The themes of alcohol and bungs are still grabbing the headlines today. But what The Damned Utd brought to life for me was the politicking of a football club. In public, clubs and teams are portrayed as matey, friendly organizations united in their struggle against their opponents. Here, we see the divisions within dressing rooms and boardrooms. We see football clubs as companies with structures and administration and rules. We see the role played by coaches and assistants. We see the backstabbing and betrayal. We see the glue that holds it all together. And the manager seems to be some way down in the pecking order, even a manager is as grand as Cloughie.
I guess most people who read the novel will have an interest in football - and probably some personal interest in Leeds Utd, Derby County or Brian Clough. But there is so much more to this astonishing novel. [...] You really just need an interest in human spirit at its very worst.
Don't let literary style put you off
At first glance Peace's choice of the seemingly unlikely
world of 1970's football to set a novel in seems strange. In fact the story of Brian
Clough's 44 days at Leeds United has everything required for a good story- corporate
intrigue, bitterness between work colleagues and an alcoholic anti-hero with
a rags to riches story.
The narrative has two alternating strands - Clough's description of the 44
days at Leeds and the story of his time in football management from his
the premature end of his playing career to taking the Leeds manager's job.
At first I didn't find this appealing but as the book progresses this style makes it clear
that his seemingly bizarre actions as Leeds manager had their roots in the attitudes
he had developed and events that had happened in his life and career
to that point such as his dismissal from Derby. It was the same actions, beliefs and events that made his premature departure from Leeds inevitable.

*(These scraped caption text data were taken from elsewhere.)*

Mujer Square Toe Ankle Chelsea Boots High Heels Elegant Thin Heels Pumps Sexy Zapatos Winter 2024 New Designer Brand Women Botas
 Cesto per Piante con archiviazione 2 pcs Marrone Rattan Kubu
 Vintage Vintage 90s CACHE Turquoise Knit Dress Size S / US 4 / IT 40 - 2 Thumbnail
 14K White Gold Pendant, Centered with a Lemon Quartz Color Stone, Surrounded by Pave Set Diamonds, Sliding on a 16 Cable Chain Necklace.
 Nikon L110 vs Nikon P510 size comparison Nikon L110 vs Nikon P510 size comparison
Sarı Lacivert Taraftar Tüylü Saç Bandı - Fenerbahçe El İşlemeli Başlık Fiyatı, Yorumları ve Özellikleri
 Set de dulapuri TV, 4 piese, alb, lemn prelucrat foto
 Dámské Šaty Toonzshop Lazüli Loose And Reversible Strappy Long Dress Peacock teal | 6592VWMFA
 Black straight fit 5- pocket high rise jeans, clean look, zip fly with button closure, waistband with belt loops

The constant repetition of certain phrases of Clough's internal monologue along with bizarre behaviour (e.g. burning the desk in his predecessors office) hint at a man close to the edge of sanity and knee deep in paranoia. The shadow of the hated previous Leeds manager (Don Revie) fills Clough's thoughts as he aims to completely change the style of play that had made Leeds so successful and so unpopular.
The senior Leeds players engineer his dismissal for this very reason. Clough was unwilling to give Revie or the players any credit, convinced that any success had been achieved through cheating and other underhand tactics. He appears only occasionally at training, then usually to abuse the players. At the same time he tries half heartedly to be friends with senior players such as Billy Bremner. From the start they make it clear they have no respect for him either.
Leeds and Clough was clearly a marriage made in hell. Clough's greatest success was taking Derby to the title from the second division, with considerable help from the player scouting talents of assistant manger Peter Taylor. Without Taylor at Leeds and with a ready made team he seems unable to cope. Back with Taylor again at Nottingham Forest he again builds a team from scratch and takes it to League and European glory. On this basis you wonder if would have been as good an England manager as he is often tipped to have been.
A knowledge of 70's English football is a help but definitely not essential to enjoy this book. For a reader more used to reading humdrum football autobiographies the writing style will probably seem a little wordy but as the book goes on the fascinating story will help you to forget this.